[Work to complete] Take the entries below and reproduce exactly the portion that begins at the line containing "Chaqueta de cuerina" and ends at the line containing "Молодая женщина с", keeping both ends, dropping pictures, and adding nothing else.

[Material provided]
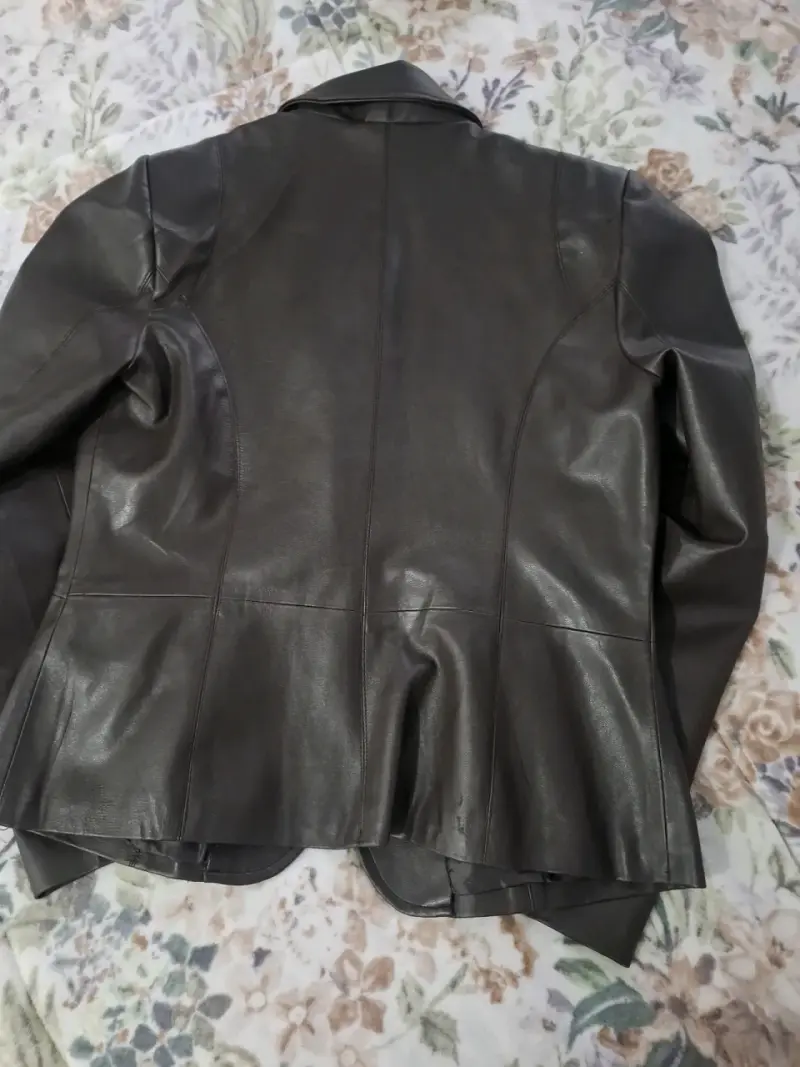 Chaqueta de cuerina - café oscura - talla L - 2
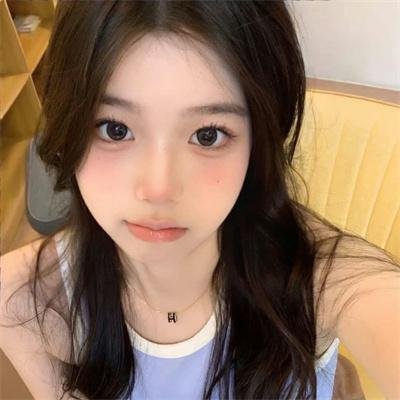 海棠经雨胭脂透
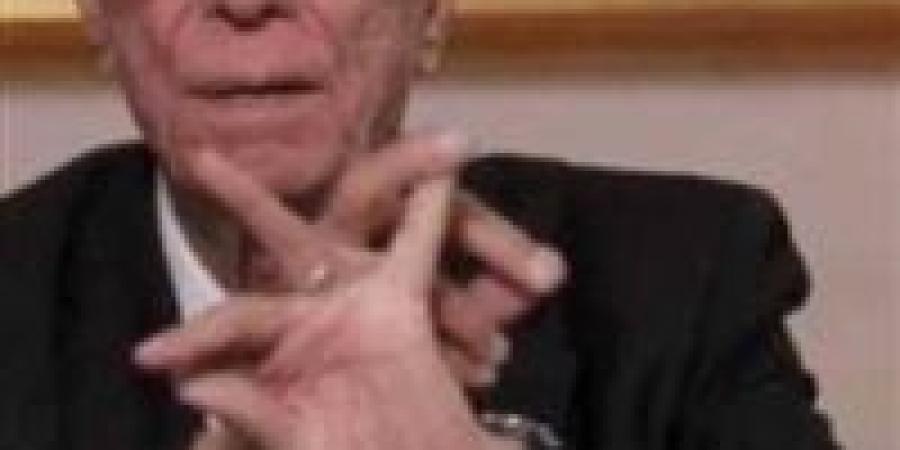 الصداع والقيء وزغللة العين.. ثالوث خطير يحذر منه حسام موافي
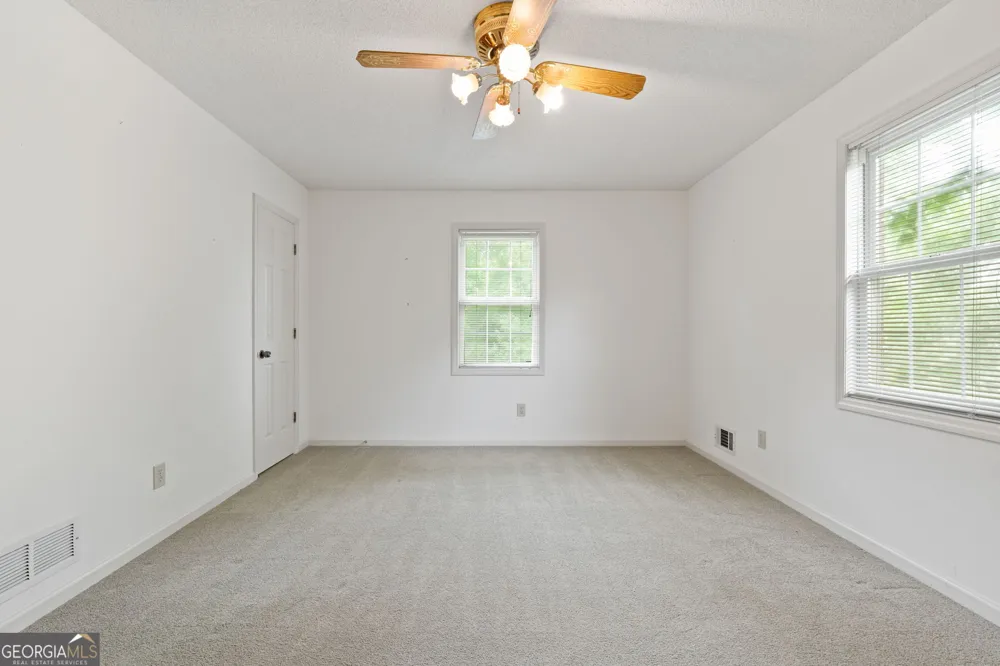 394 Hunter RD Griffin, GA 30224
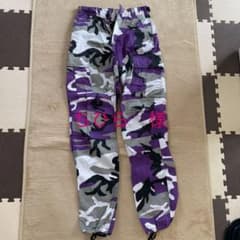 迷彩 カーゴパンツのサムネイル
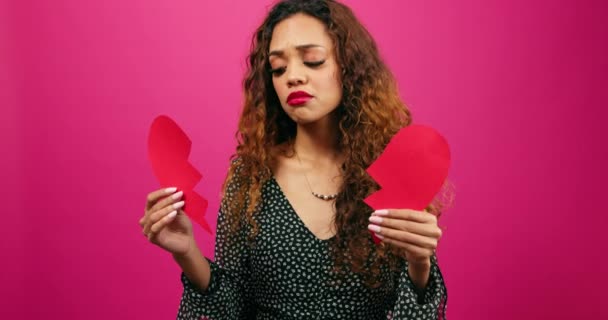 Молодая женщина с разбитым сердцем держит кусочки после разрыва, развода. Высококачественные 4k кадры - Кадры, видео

* * *

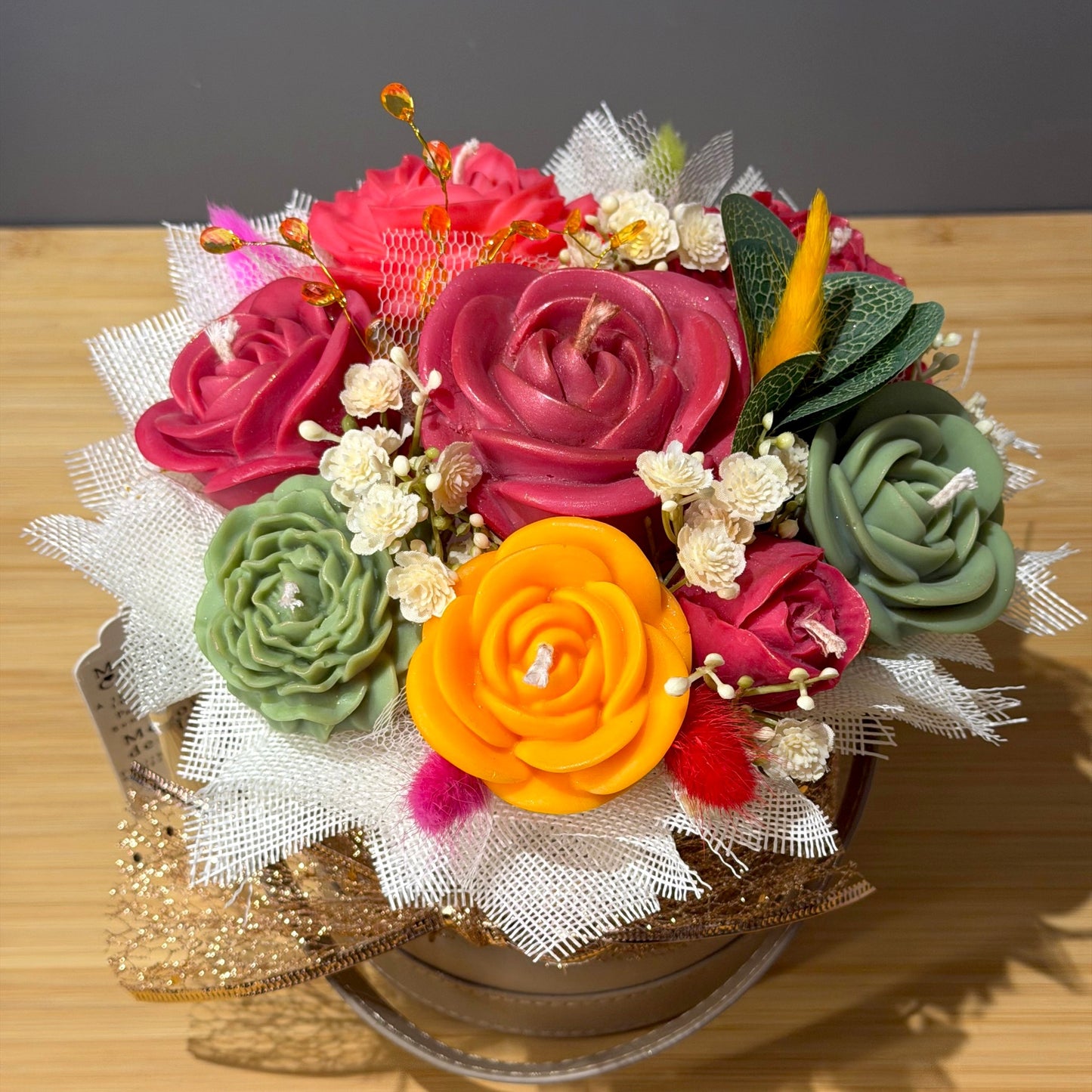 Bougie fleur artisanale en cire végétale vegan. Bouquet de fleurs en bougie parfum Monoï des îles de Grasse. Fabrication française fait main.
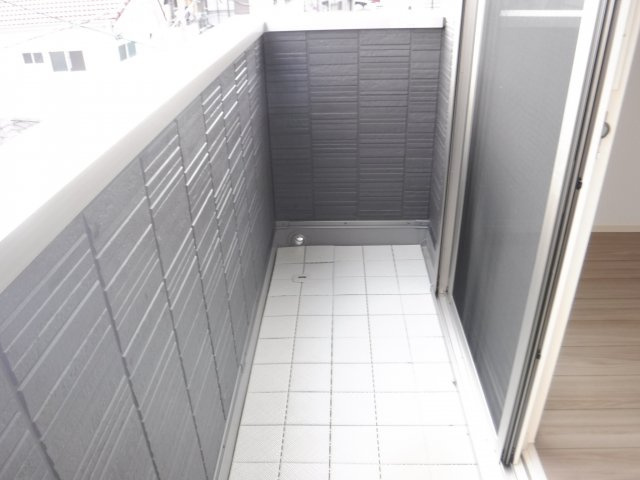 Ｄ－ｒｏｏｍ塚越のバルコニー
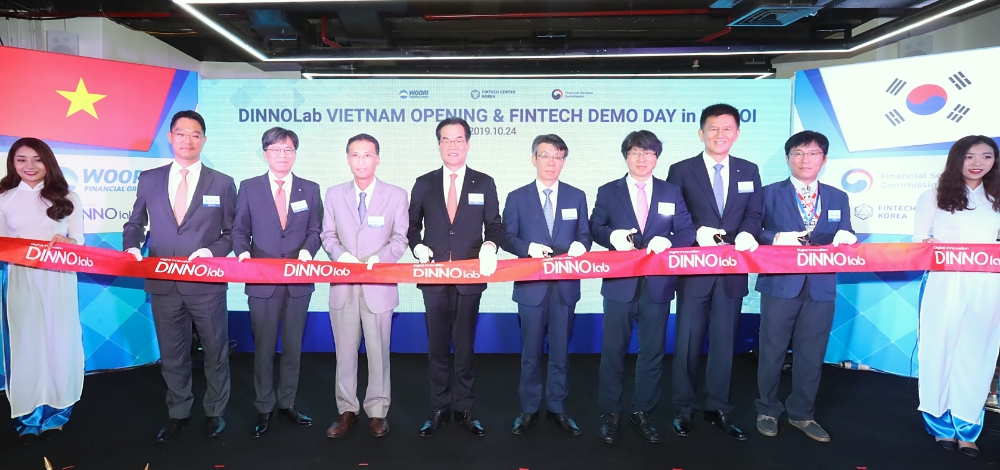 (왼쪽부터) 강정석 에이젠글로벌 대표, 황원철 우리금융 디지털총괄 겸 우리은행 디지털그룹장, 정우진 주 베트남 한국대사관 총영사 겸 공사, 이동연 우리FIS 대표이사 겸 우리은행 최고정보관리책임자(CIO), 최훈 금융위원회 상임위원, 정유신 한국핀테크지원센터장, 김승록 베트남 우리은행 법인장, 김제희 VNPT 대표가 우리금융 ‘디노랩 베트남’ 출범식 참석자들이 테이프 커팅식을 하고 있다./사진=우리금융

[Expected answer]
 Chaqueta de cuerina - café oscura - talla L - 2
 海棠经雨胭脂透
 الصداع والقيء وزغللة العين.. ثالوث خطير يحذر منه حسام موافي
 394 Hunter RD Griffin, GA 30224
 迷彩 カーゴパンツのサムネイル
 Молодая женщина с разбитым сердцем держит кусочки после разрыва, развода. Высококачественные 4k кадры - Кадры, видео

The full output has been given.